Mu Chun is a fictional character in Water Margin, one of the Four Great Classical Novels in Chinese literature. Nicknamed "Little Unrestrained", he ranks 80th among the 108 Stars of Destiny and 44th among the 72 Earthly Fiends.

Background
Mu Chun is nicknamed “Little Unrestrained" as his elder brother Mu Hong is called "The Unrestrained".  The Mus, who are wealthy and skilled in martial arts, have huge influence and are feared in Jieyang Town (揭陽鎮; believed to be in present-day Jiujiang, Jiangxi) near the Xunyang River, where they live.

Meeting Song Jiang
When Song Jiang is in on the way to exile in Jiangzhou (江州; present-day Jiujiang, Jiangxi), a reduced sentence for killing his mistress Yan Poxi, he passes by Jieyang Town with his two escorts. He comes upon Xue Yong, who is performing martial stunts on the roadside for tips from onlookers. When Xue first came to Jieyang, he did not go to pay respects to the Mu brothers, who are feared by the local people. To punish him for the snub, the brothers have ordered the townspeople not to patronise him. Unaware of that order, Song Jiang generously tips Xue impressed by his performance and out of pity that no one awards him. Angry that Song made his family lose face, Mu Chun, who is among the onlookers, rushes forth wanting to beat him up. However, he is floored by Xue Yong.

Humiliated, Mu Chun orders every inn and house in the town not to accommodate Song Jiang and his two escorts for the night. The one person who offers them free lodgings is Mus' father, who is kindly and unaware of what have happened. While at the Mus' manor, Song Jiang overhears Mu Chun looking for his brother Mu Hong to help in tracking him down. He also learns that Xue Yong is captured and has been beaten up.
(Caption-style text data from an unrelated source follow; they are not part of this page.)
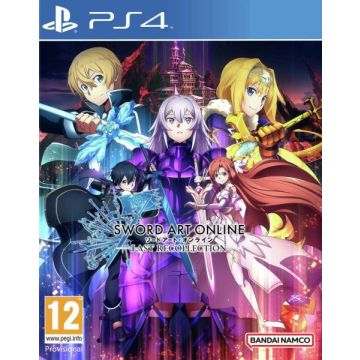Sword Art Online Last Recollection-Standaard (PlayStation 4) Nieuw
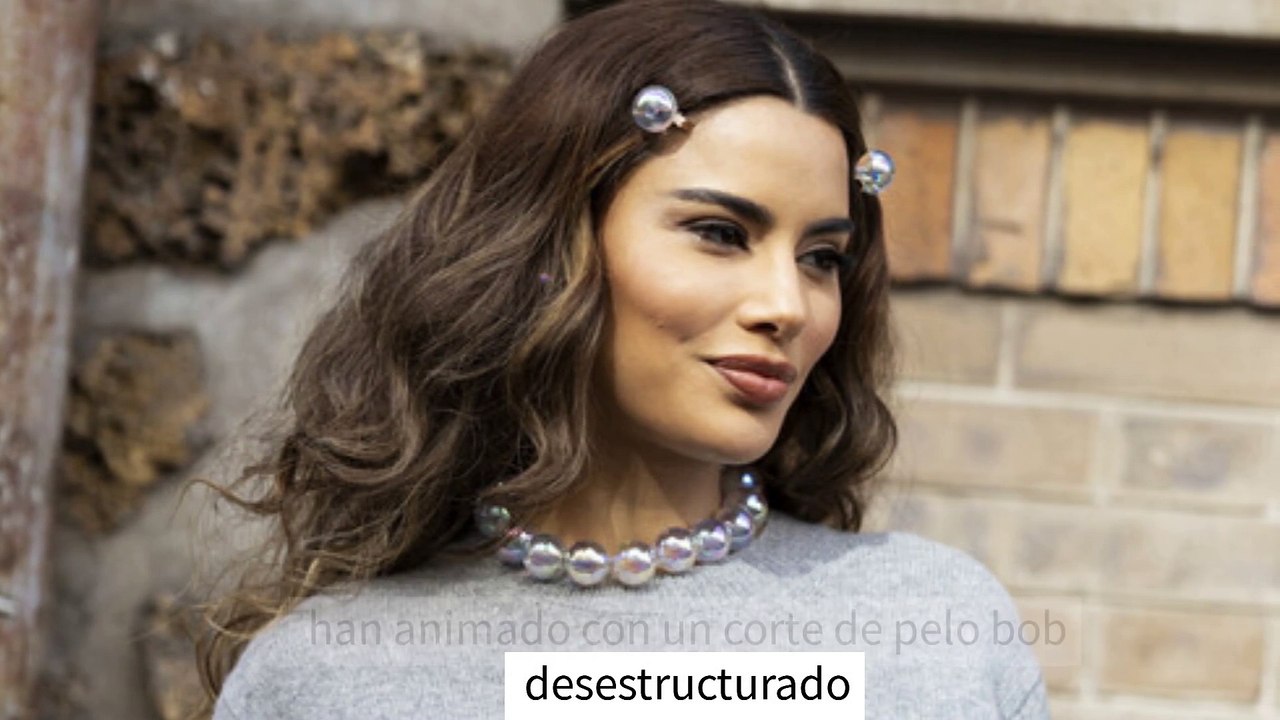 ElantesyeldespusdetrEl antes y el después de tres melenas largas que se han animado con un corte de pelo bob desestructurado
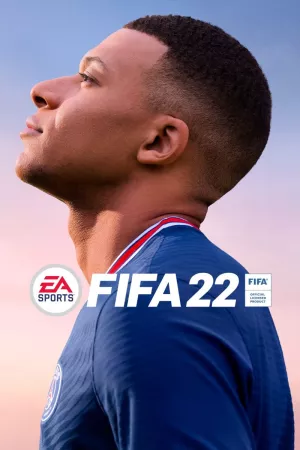 Box-art pre hru s názvom FIFA 22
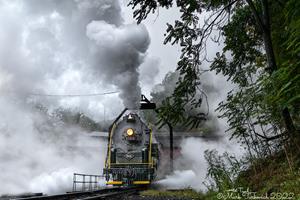 Steaming and Smoking out Port Clinton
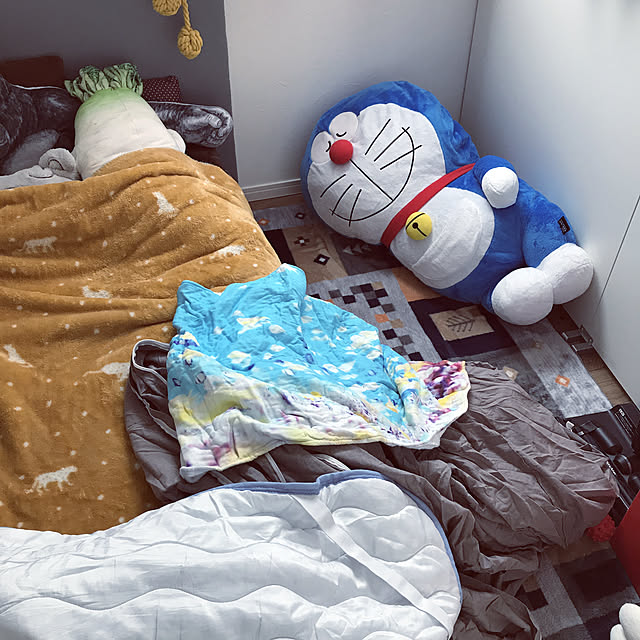 ドラえもん布団収納のアイデア・おすすめ商品・おしゃれな実例
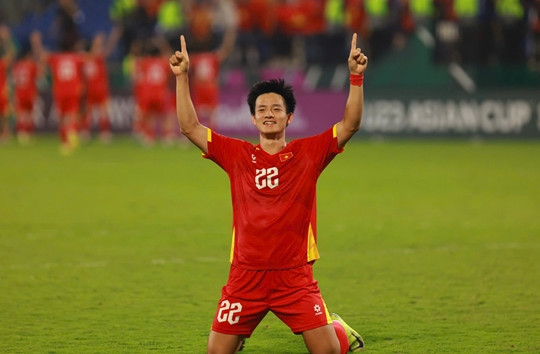 Nguyễn Thanh Nhàn bản lĩnh giúp U23 Việt Nam hạ U23 Hàn Quốc giành HCĐ châu Á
Song Jiang and the two escorts sneak away under the cover of night from the manor. But the brothers have learnt about their presence at their house and come after them. In desperation the three board the boat of the pirate boatman Zhang Heng. Midway across the Xunyang River, Zhang wants to kill and rob them. Fortunately, Li Jun, whom Song Jiang has recently befriended at Jieyang Ridge, passes by and saves Song in the nick of time. Zhang is shocked to learn that the exile is Song Jiang, who is famous for his chivalry. The Mu brothers, who have been waiting at the bank, are also surprised when told of his identity. The group treat Song as an honoured guest until he leaves for Jiangzhou.

Joining Liangshan
In Jiangzhou Song Jiang is arrested and sentenced to death for writing a seditious poem on a wall in a restaurant. The outlaws from Liangshan Marsh rush to Jiangzhou, where they save him just when he is going to be executed. But they are stranded at a river bank. In the meantime, friends that Song Jiang has made in the Jieyang region, led by Li Jun and including Mu Chun, are sailing to Jiangzhou to rescue Song. They come upon the group and ferry them to safety. Together they head for Liangshan, where Mu Chun becomes one of the chieftains.

Campaigns
Mu Chun is appointed as one of the leaders of the Liangshan infantry after the 108 Stars of Destiny came together in what is called the Grand Assembly, . He participates in the campaigns against the Liao invaders and rebel forces in Song territory following amnesty from Emperor Huizong for Liangshan.

After the Liangshan force conquer Hangzhou in the campaign against Fang La, six heroes fall sick and Mu Chun is told to stay at the city to look after them. Soon after the campaign ends in victory, Mu Chun loses his brother Mu Hong, who dies from illness in Runzhou (潤州; present-day Runzhou District, Zhenjiang, Jiangsu),  

When the survivors of Liangshan are back in the imperial capital Dongjing, Mu Chun is conferred the title "Martial Gentleman of Grace" (). But he declines official appointment and returns home to lead the life of a commoner.